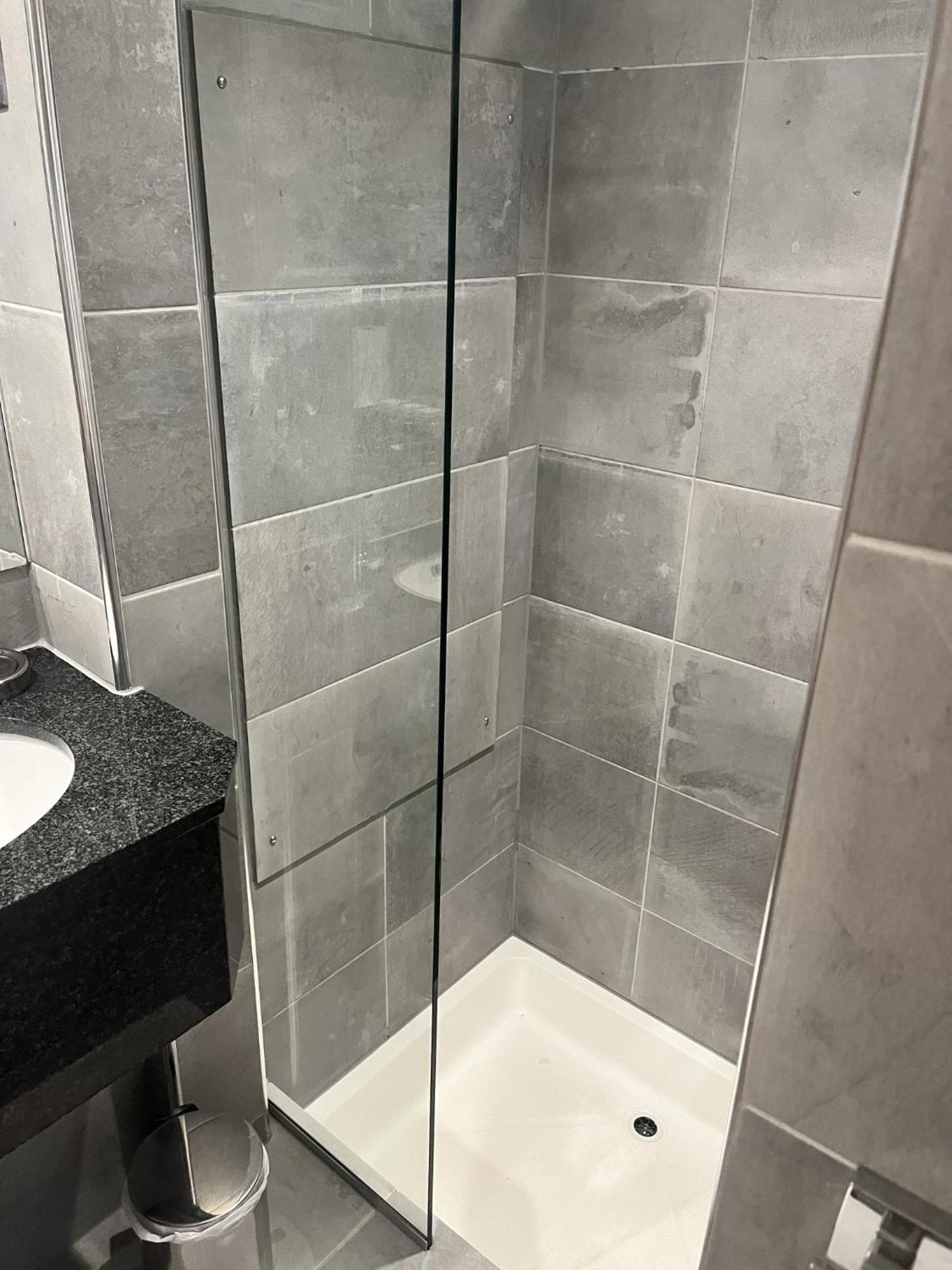 Standard Single Room Shower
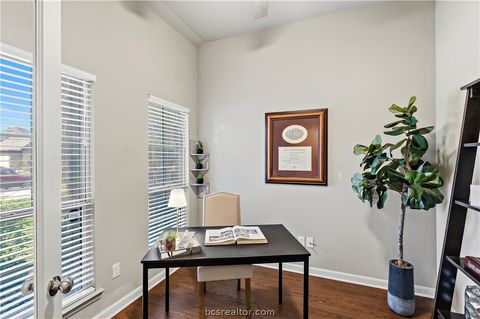 Tiny photo for 3047 Positano Loop, Bryan, TX 77808 (MLS # 26004599)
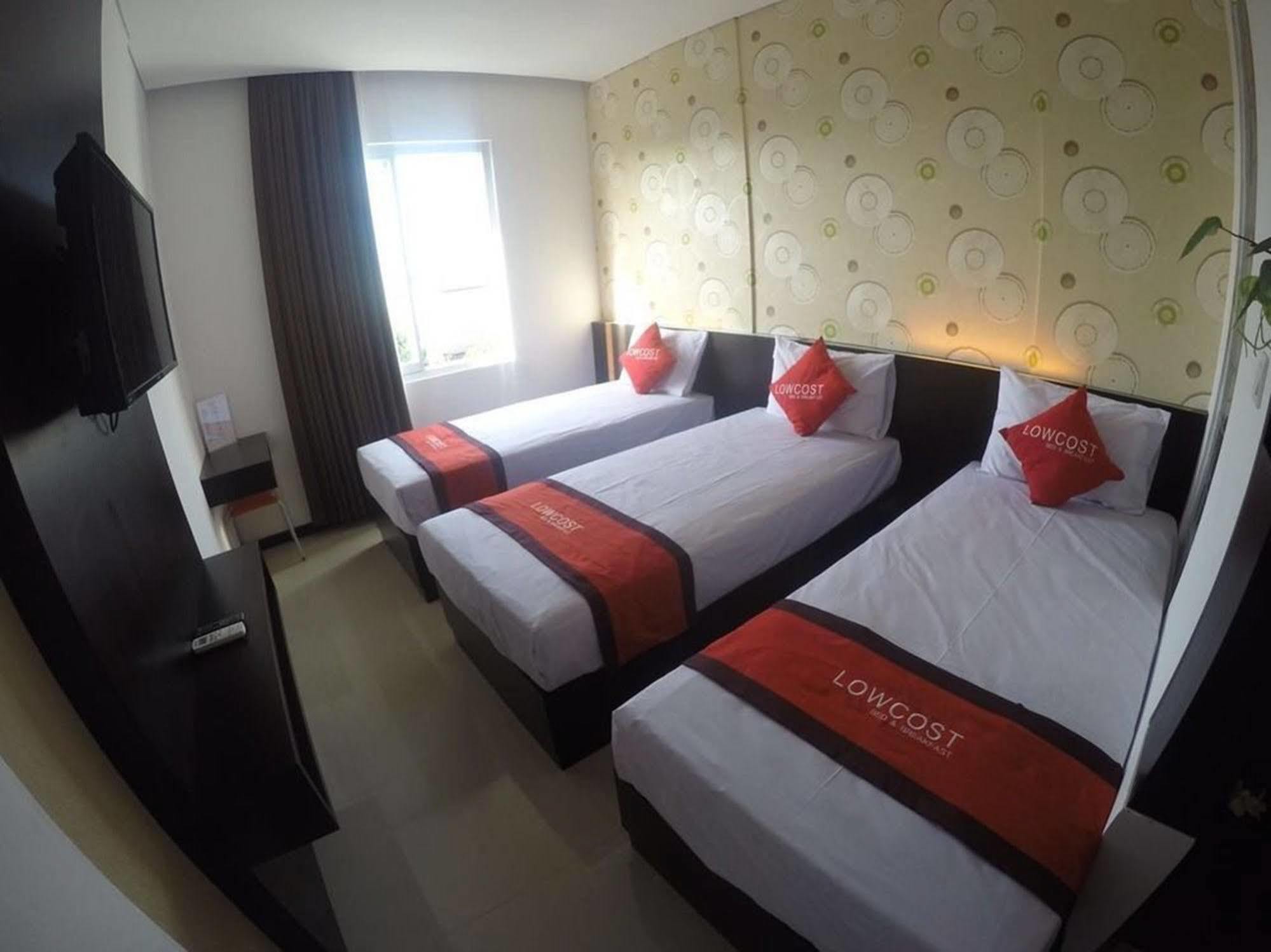 ジンバラン ローコスト ベッド＆ブレックファースト Bed & Breakfast エクステリア 写真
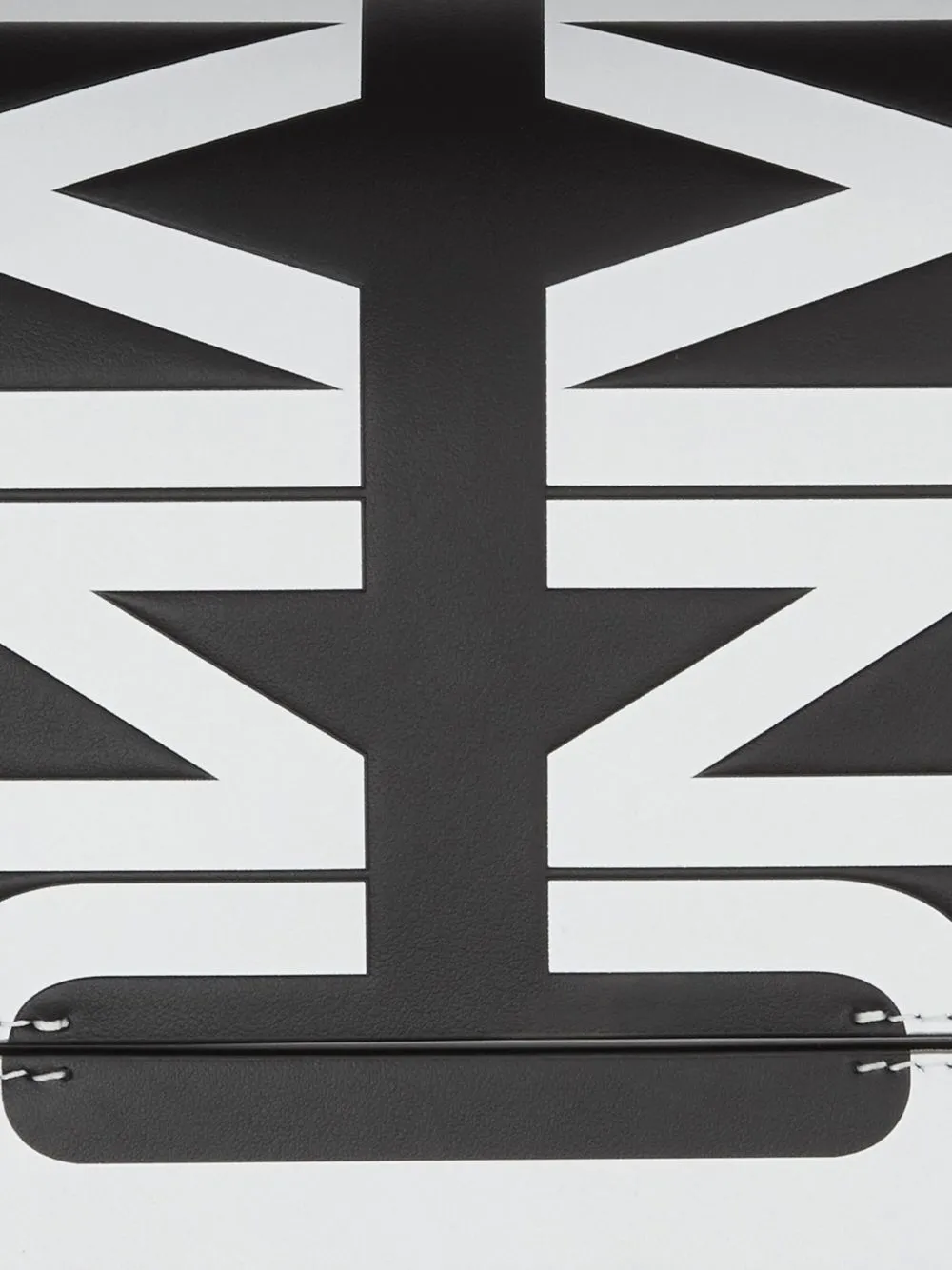  Burberry Universal Passport Tasche   Schwarz 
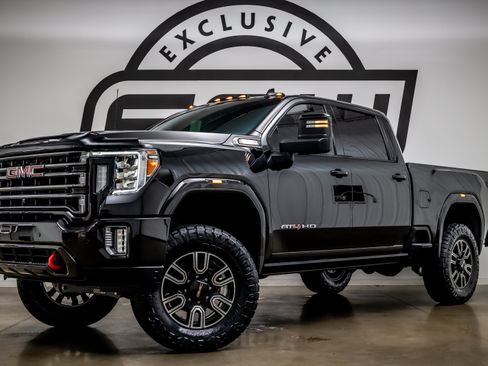Used 2021 GMC Sierra 2500 AT4 w/ AT4 Premium Plus Package AWD/4WD image 1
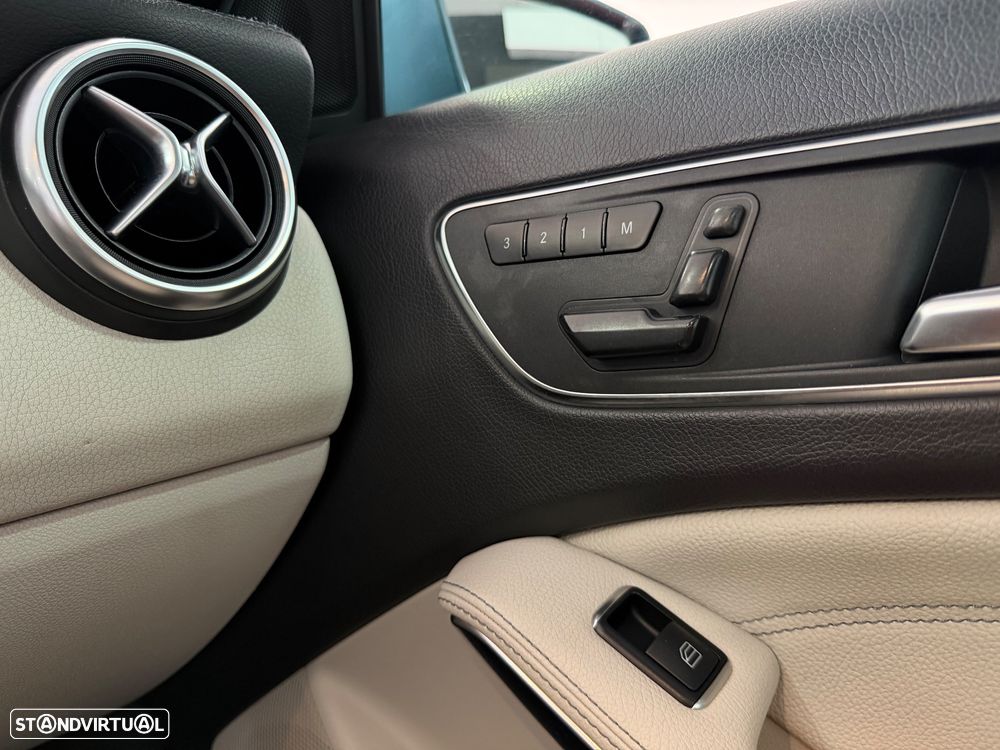 Mercedes-Benz A 180 CDI AMG Line - 15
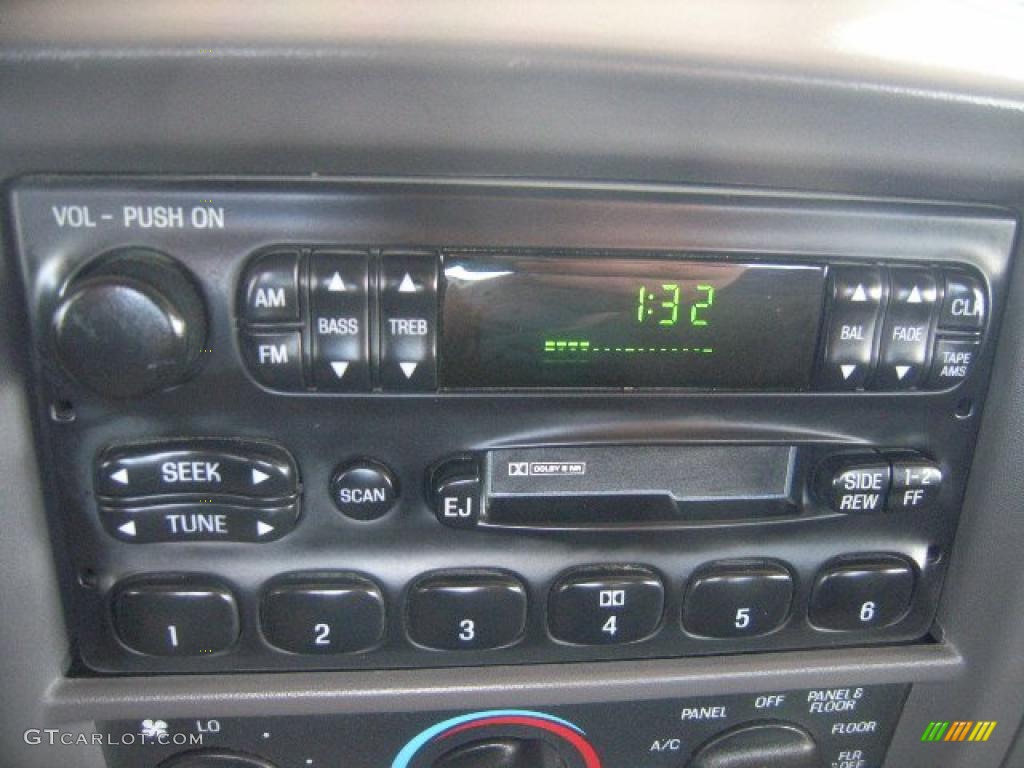 2004 F150 XL Heritage Regular Cab 4x4 - Bright Red / Heritage Graphite Grey photo #16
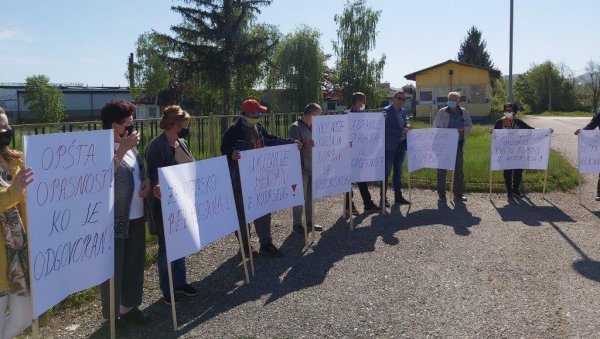 ТРАЖЕ ИЗМЕШТАЊЕ ОПАСНОГ ОТПАДА: Чланови неформалне групе грађана окупили се испред фабрике уља Биоил у Которском ТРАЖЕ ИЗМЕШТАЊЕ ОПАСНОГ ОТПАДА: Чланови неформалне групе грађана окупили се испред фабрике уља Биоил у Которском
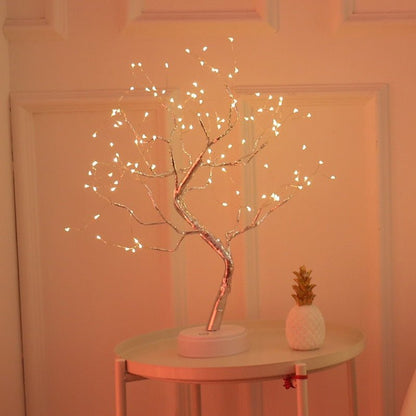 Decoratieve Boomvorm LED Tafellamp met Draadloze Bediening en USB-Voeding – Sfeerverlichting voor Woonkamer en Slaapkamer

+ + +

- [Problem]
Reproduce exactly, with nothing added, the lines from the line with "Tiny photo for" through the end of the entries above; pictures are to be left out.

- [Final answer]
 Tiny photo for 3047 Positano Loop, Bryan, TX 77808 (MLS # 26004599)
 ジンバラン ローコスト ベッド＆ブレックファースト Bed & Breakfast エクステリア 写真
  Burberry Universal Passport Tasche   Schwarz 
Used 2021 GMC Sierra 2500 AT4 w/ AT4 Premium Plus Package AWD/4WD image 1
 Mercedes-Benz A 180 CDI AMG Line - 15
 2004 F150 XL Heritage Regular Cab 4x4 - Bright Red / Heritage Graphite Grey photo #16
 ТРАЖЕ ИЗМЕШТАЊЕ ОПАСНОГ ОТПАДА: Чланови неформалне групе грађана окупили се испред фабрике уља Биоил у Которском ТРАЖЕ ИЗМЕШТАЊЕ ОПАСНОГ ОТПАДА: Чланови неформалне групе грађана окупили се испред фабрике уља Биоил у Которском
 Decoratieve Boomvorm LED Tafellamp met Draadloze Bediening en USB-Voeding – Sfeerverlichting voor Woonkamer en Slaapkamer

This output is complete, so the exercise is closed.